Pero es sólo en la Feria , hermosa y humana a su modo, que podemos sumarnos al regocijo de ver, verbigracia, a don Fernando Del Paso pasarse por triunfal y no tan metafórico arco las colegatarias pretensiones de los herederos y leguleyos que porfían en hacer del talento, del talante, de la obra y el pensamiento de una de las más laberínticas inteligencias mexicanas y universales como fue Juan Rulfo su propia marca personal de agendas, calzado, galletas, artesanías o lo que sea para lo que se quiere meter su nombre a la congeladora y disociarlo, según parece, de lo que fue uno de sus más grandes motivos para existir: la literatura. Es sólo en la Feria que podemos reunirnos a escuchar las emocionadas palabras que a veces se convierten en ignívomas arengas del mismo Del Paso, de Carlos Fuentes, de Ernesto De la Peña este año como en años anteriores hemos podido abrevar de la palabra viva de José Saramago, de Enrique Vila Matas, de Ernesto Cardenal, de Hugo Gutiérrez Vega o reír con las ocurrencias, la cuidadosa antisolemnidad de Guillermo García Oropeza, Xavier Velasco, David Toscana, Guillermo Fadanelli, Armando Vega Gil. Sólo en la FIL podemos ser partícipes de laureles ajenos como los que este año coronan, además de a Del Paso, a Élmer Mendoza, Christian Bourgois, don Ernesto De la Torre o Tununa Mercado…
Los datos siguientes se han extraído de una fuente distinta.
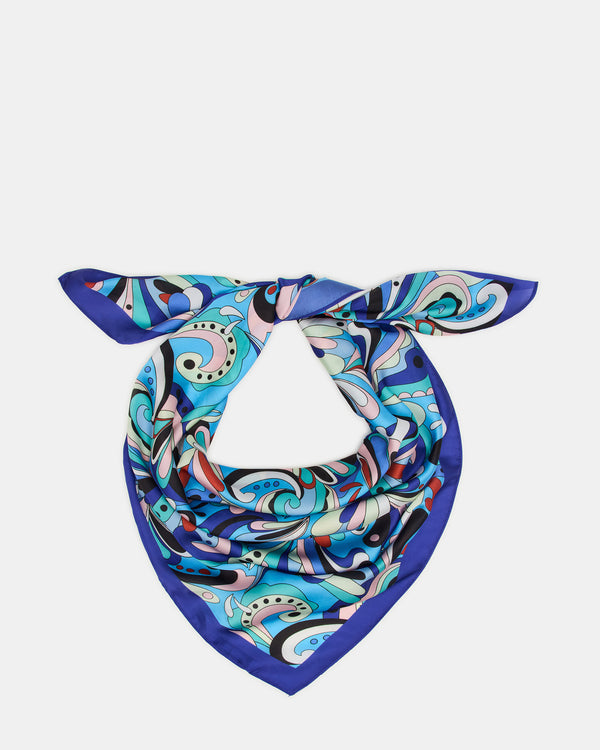 Steve Madden Blue Printed Scarf PRINTEDSCARF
Este año el plato fuerte ha sido Colombia, la del vallenato, la ex de Pablo Escobar. La de García Márquez, inevitablemente, pero también y aún más la de Álvaro Mutis desde su gavia literaria, la de William Ospina y sus andanzas conquisas con el aventurero Pedro de Ursúa; la Colombia intransigente de Fernando Vallejo y la tolerante, de Jorge Franco. Colombia, la del español mejor cantado cada que un colombiano habla.
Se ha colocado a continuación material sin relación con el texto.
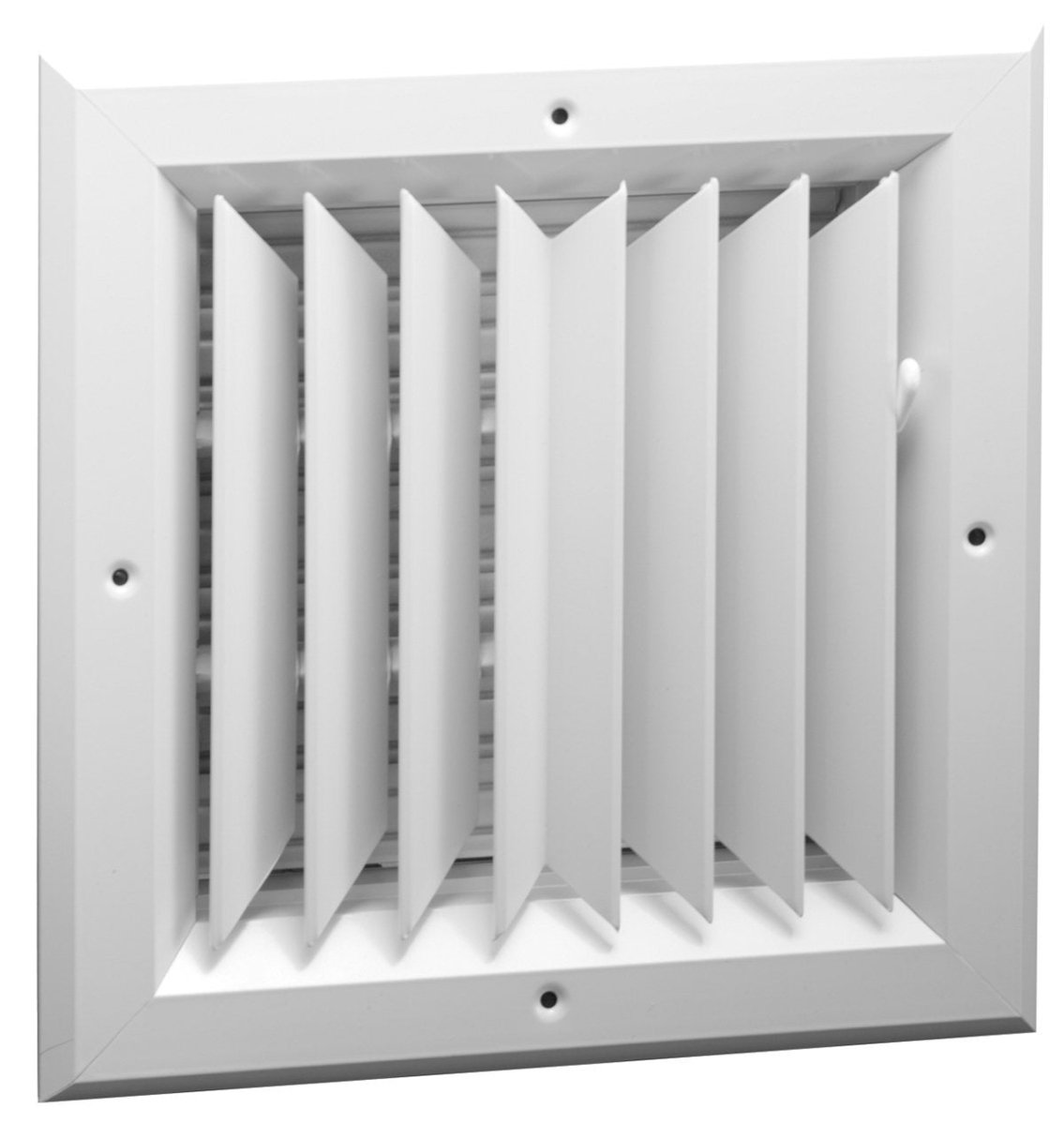 8&quot; x 8&quot; 2 - WAY ALUMINUM BAR CEILING DIFFUSER - Vent Duct Cover - With Opposing Dampers via Lever Control - HVAC PremiumSV882 FBA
Fotos: archivo La Jornada |
Si la convocatoria ecuménica de autores y editores es de las proporciones aquí atropelladamente descritas, multiplique usted por catorce la composición del público variopinto, desde señoras de alta sociedad, elegantes y severas esposas o parientas de esos escritores que son auténticas instituciones y leyendas culturales, hasta el hormiguero de adolescentes ruidosos, las más de las veces auténticos analfabetas funcionales que hacen dudar de que la diferencia entre humanos y primates sea apenas una centésima de cromosoma y que difícilmente se interesan en un libro que no sea de Yordi Rosado o algo que un furibundo y frustrado profesor de Español les ha exigido para que entreguen, aunque sea ininteligible y enrevesado, algo parecido a un informe, pero cuya presencia en la Feria mucho tiene sin duda de esperanzador. Si de cien mil chamacos de secundaria y prepa (o doscientos mil, o los que sean) sale una centena de lectores de literatura, la Feria se anotará el más importante de todos sus éxitos: la consecución de futuros lectores. La Feria da para tanto que hasta para quienes no tienen el menor interés en los libros hay algo, como esos cinco patanes que descubrí acodados en un barandal, escupiendo a quienes pasaban debajo y soltando más baba cada que tuvieron cerca una de esas edecanes que tan malos pensamientos concitan.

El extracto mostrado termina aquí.